Problem to solve
For the material below, the expected output is exactly the lines between the line holding "Top Selling Custom" and the line holding "304 Stainless Steel", inclusive, with pictures left out.

Extracted records
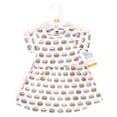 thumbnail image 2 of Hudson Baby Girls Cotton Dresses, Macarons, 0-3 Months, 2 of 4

...

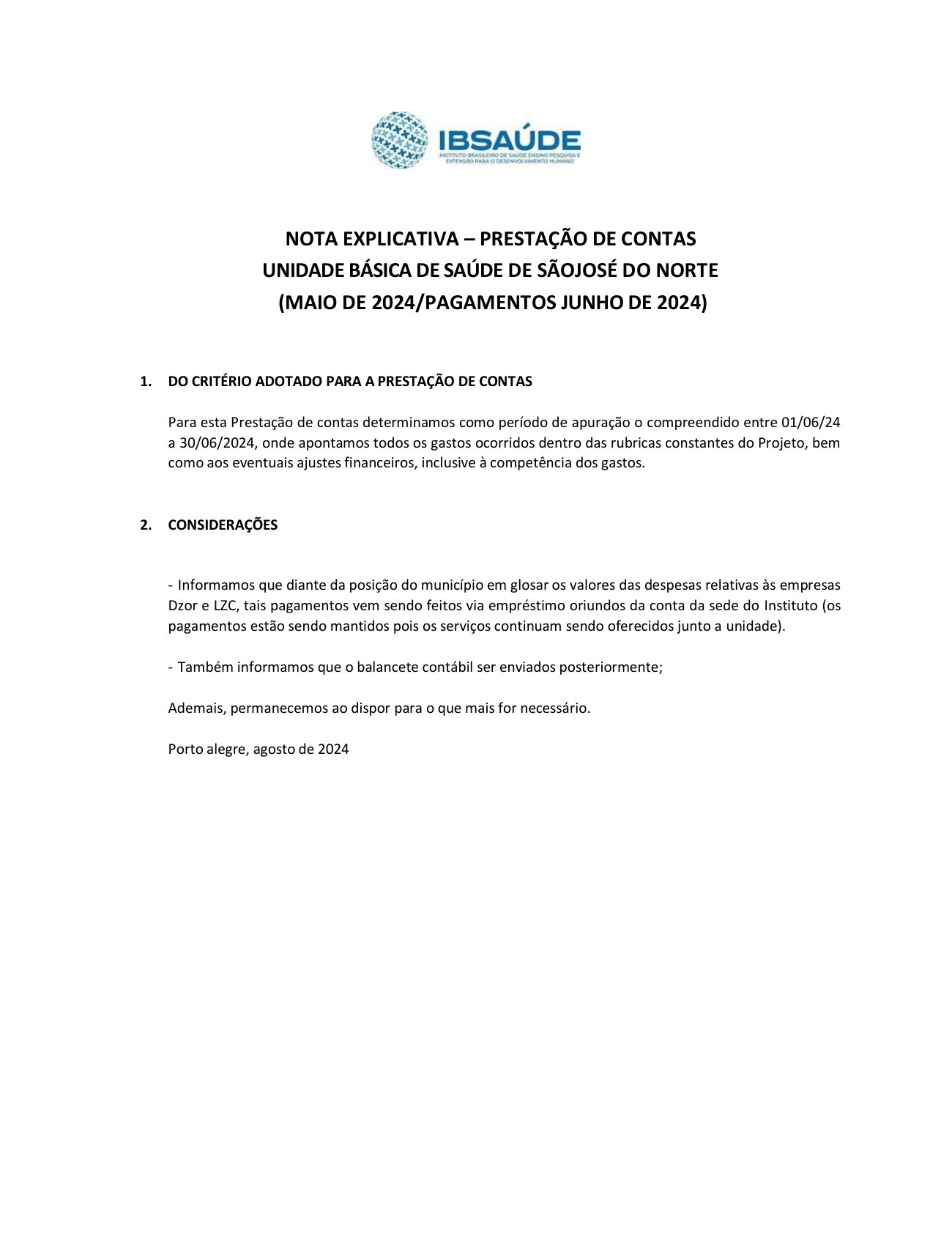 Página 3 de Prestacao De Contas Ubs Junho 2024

==

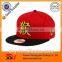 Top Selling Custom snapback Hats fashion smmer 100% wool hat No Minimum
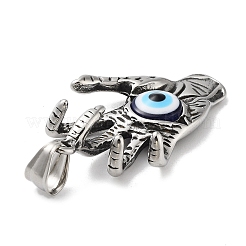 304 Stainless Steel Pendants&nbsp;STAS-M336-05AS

Output for this task
 Top Selling Custom snapback Hats fashion smmer 100% wool hat No Minimum
 304 Stainless Steel Pendants&nbsp;STAS-M336-05AS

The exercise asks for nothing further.